Friday 1 July 2016

Measuring the impact of intangibles - fairy dust or fair enough?

An organisation I have recently been working with has a problem.

They have used a Capability Maturing Modelling approach to measure the impact of their Knowledge Management program for a number of years, apparently very successfully. The majority of teams/departments that take part in the analysis appear to be achieving very high levels of competency (80%+) leaving little room for cross-department improvement. The organisation asked if there were alternative ‘light-touch’ methods of measuring the impact of their Knowledge Management program.

Whatever method you may use to measure, I believe the imperative requirements are: 
1. A baseline from which to judge improvement. 
2. Credible metrics that will convince both staff and senior managers. Beware of metrics from small samples that are extrapolated to organisation-wide improvement. These are liable to immediate challenge. 
3. Metrics that are empirical, to support other evidence that may be anecdotal

Whilst not imperative requirements, the following are of added benefit: 
4.The ability to leverage results to drive further improvement 
5. Low cost (implying as much self-assessment and automation as sensible and possible)

In addition, it is helpful to differentiate between attributable impact and contributory impact. The latter is the most common scenario, as KM (if embedded in the business process, as it should be) is usually one of many simultaneous improvement activities. The exception to this is where you have the ability/luxury of having control groups for your KM initiatives. For example:




I looked at measurement in intangible organisational assets that are analogous to KM, in particular HR and Corporate Social Responsibility.

Ideas from CSR

A common CSR method is 'The Reputation Index'. Whilst rich in data, this cannot attribute CSR to organisational performance.
Warwick Business School has an excellent article from Prof Kamal Mellahi on measuring CSR impact. In particular note his final ‘cautionary tale’ sentence. 
Some organisations have adapted Delphi Analysis , but this is more suited to forecasting than performance management.



Ideas from HR

Almost all the measurement approaches for HR impact seem to feature some sort of maturity assessment. For example this HR.com measurement table shows, in effect, a maturity model for HR 'stability' 
The leading HR forum is CIPD. They have a sophisticated measurement tool, that relies on users level of agreement with statements. Again, the results look very much like a maturity model with an associated action plan.
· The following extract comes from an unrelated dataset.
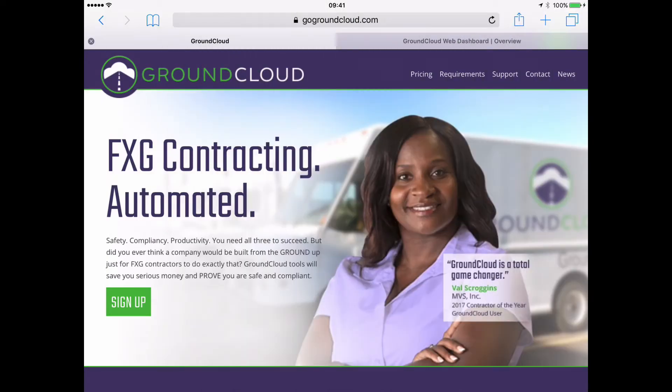Well, hey folks, Dave from GroundCloud here. Thanks for watching our video. This is part of our Welcome to GroundCloud series.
This article gives a useful representation of cause and effect from HR. Step 5 emphasises the need to set the level of attribution correctly. This is also shown in the Andrew Mayo diagram below, which we examined at the last KIN Roundtable in May.






Organisational Network Analysis

Other than maturity modelling, the other approach that meets almost all the requirements list above in Organisational Network Analysis, or SNA. The exception may be Point 5, cost.
Andrew Parker at Grenoble University and Rob Cross at the University of Virginia are the ‘go-to people for ONA. Rob has an excellent ONA primer here.
KIN Facilitator Steve Dale is also qualified in SNA modelling.

Other KIN Members’ insights

Below is a mindmap synopsis of the major ‘Take-aways’ from a previous Roundtable I ran on KM measurement.


Conclusion

Assuming that you agree with the criteria I set out at the start…

I have not come across anything that is better than Capability Maturity Modelling that is suited to what the organisation is trying to achieve. My recommendation was therefore that they significantly refresh their maturity modelling process and re-benchmark. The re-benchmarking is needed as I suspect there was ‘grade inflation’ to borrow the phrase from education. If there is a small differentiator between departmental KM performance, this should be re-baselined and exposed to identify gaps and re-invigorate competition.

SNA is a sophisticated alternative that meets most of the criteria. It could be used to measure KM interactions through careful wording of the SNA questions. Strength, direction, density and centrality of bonds can be analysed and teams/departmental KM performance inferred. The resulting network infographics can be particularly useful in presenting results in an empirical way to senior managers. If you have not tried SNA before, this would be worthy of a trial. SNA software is now inexpensive (in some cases free) , although proper set-up and analysis can still take a lot of expert input.


What are your suggestions for a ‘light-touch’ approach to measuring knowledge management program that you can share here?